A seguir..vem o consolo de me desmoronar por dentro de ti

De me aproximar do mundo..de rir

De resistir a todas as gotas de veneno

Deambulo pelas desculpas

Ninguém quer saber de segredos

Nem de corpos estendidos

A prestar vassalagem ao tempo

São estas coisas que nos fazem sentir

Que somos química e astrologia

Silêncios estendidos sobre a água

Borboletas..ócios...forças que não temos

A minha mão segura aquilo em que acredito

As horas...as perdas...o filtro da urgência

Tropeço nas ratoeiras dos rios...nas vozes

Naquilo que se estende à minha frente

O mundo é uma cegueira

Um hieróglifo incapaz de explicar porque se amam os corpos

E na falta do riso

Desembarcamos em espinhosas margens

Agarrados ao voo das aves

Posso dar-te tudo o que quiseres

Todas as hipóteses de seres nome e rumo

Hei-de fazer das tuas pálpebras

O meu olhar...o meu mundo...

E tenho a imperdoável certeza de saber...

Coisa nenhuma.

 

Rabisco de silêncio

Dissipo-me..

Poeta e homem na volatilidade dos dias

Erguendo a bandeira das palavras

Sob a forma de cadernos atirados ao vento

Sigo a noite.. e os anos..e as mortes

Aproximando-me da última página

Da página desarrumada...esconsa..

Aquela onde se cruzam pensamentos e olhares

Em mim cristalizam-se manhãs

Listas intermináveis de santos e loucos

Rabiscos... memórias...locais mágicos...

E a traição de mais uma página...em branco

Sento-me no passeio de uma qualquer rua anónima..como eu...

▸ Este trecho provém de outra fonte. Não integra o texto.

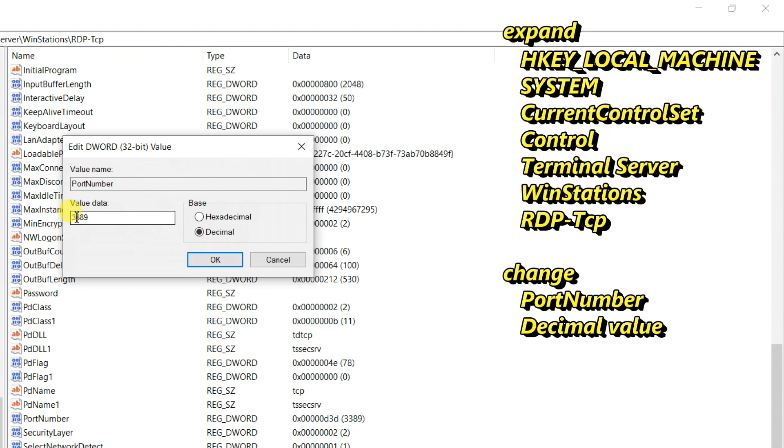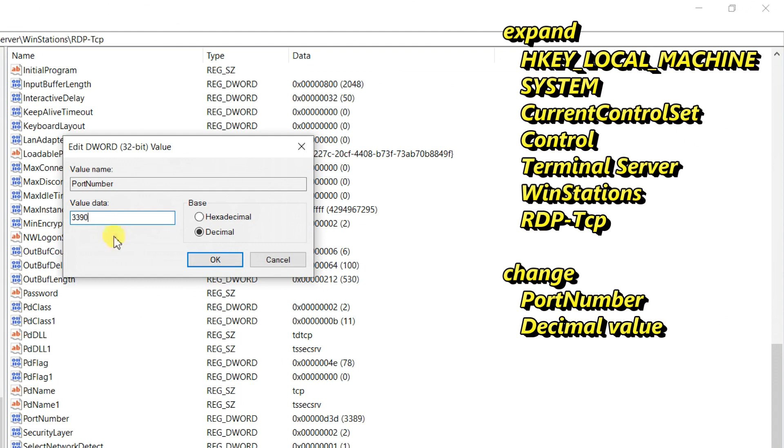Change the value to what you need. Now I need to change 3389 to 3390. Type in the new port number in the value data text box. Click OK when done.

Como o riso que estendo a quem me olha

Viver não é só um hábito

É um porto...um ancoradouro

Viver é procurar no fundo das palavras...a página

A tal página onde o segredo se desvenda

E a praia se desdobra em rostos

Há bagos de uvas caídos pelo chão

Ilustram os nomes das nódoas que nos cobrem

Vinho...poema

E a subjectividade de ser alguém sentado na rua

Seguir o olhar de alguém

Simplesmente cruzar a ponte de cristal

Rir dos silêncios solitários...mãos solitárias

E não saber onde colocar os dedos

Em todos os momentos há traições

E alegrias e chuvas encarniçadas

Em todos os cadernos

Há nódoas de nevoeiros..demoras..aproximações

Se queres fazer alguma coisa

Vai correr o mundo...ilustra a tua página

Calcorreia a imaginação

Acontecem romances em todos os quadrantes

Em todos os rostos que não queremos esquecer

Em todos os pavios de velas...latentes

É preciso despertar o outono...morrer de fartura

Corroer a absorção das águas

E rabiscar...lentamente... os silêncios...

Recônditos lugares

Passei pelos gestos...pelas cores

E deixei para trás os retratos

Embarquei num eco feito de estátuas

Aprisionei os barcos

E tirei proveito da infindável solidão dos pauis

Ainda hoje vejo as formas e as razões que o tempo carrega

Tempo aberto ao riso das viagens

Aos ossos que carrego como uma bagagem

Ao súbito sentir dos ventos e ao rumo das areias

À força inesperada da solidão

Ao corpo e ao sentir dos espelhos

Queria relatar a força das flores

E o secreto abandono das medusas

Passei pelas algas e cresceram-me os instantes

Magoei a visão nostálgica dos dia

Saltei com as corças e voguei pelos teus olhos

Enigmáticos sons imitavam o teu sorriso

Debrucei-me sobre a tua boca

Escutei as lendas que contavas

Como velhas fábulas cheias de luminosa paz

Mas não esqueci a esparsa ausência dos teus sinais

E por breves instantes desci aos longínquos dias

Onde a brancura cristalina dos corais me falava de extensas ilhas

Que o incerto mar deixava conhecer

E que eu bebia como uma luz

Que atravessava os recônditos lugares

Onde possivelmente te encontrarias..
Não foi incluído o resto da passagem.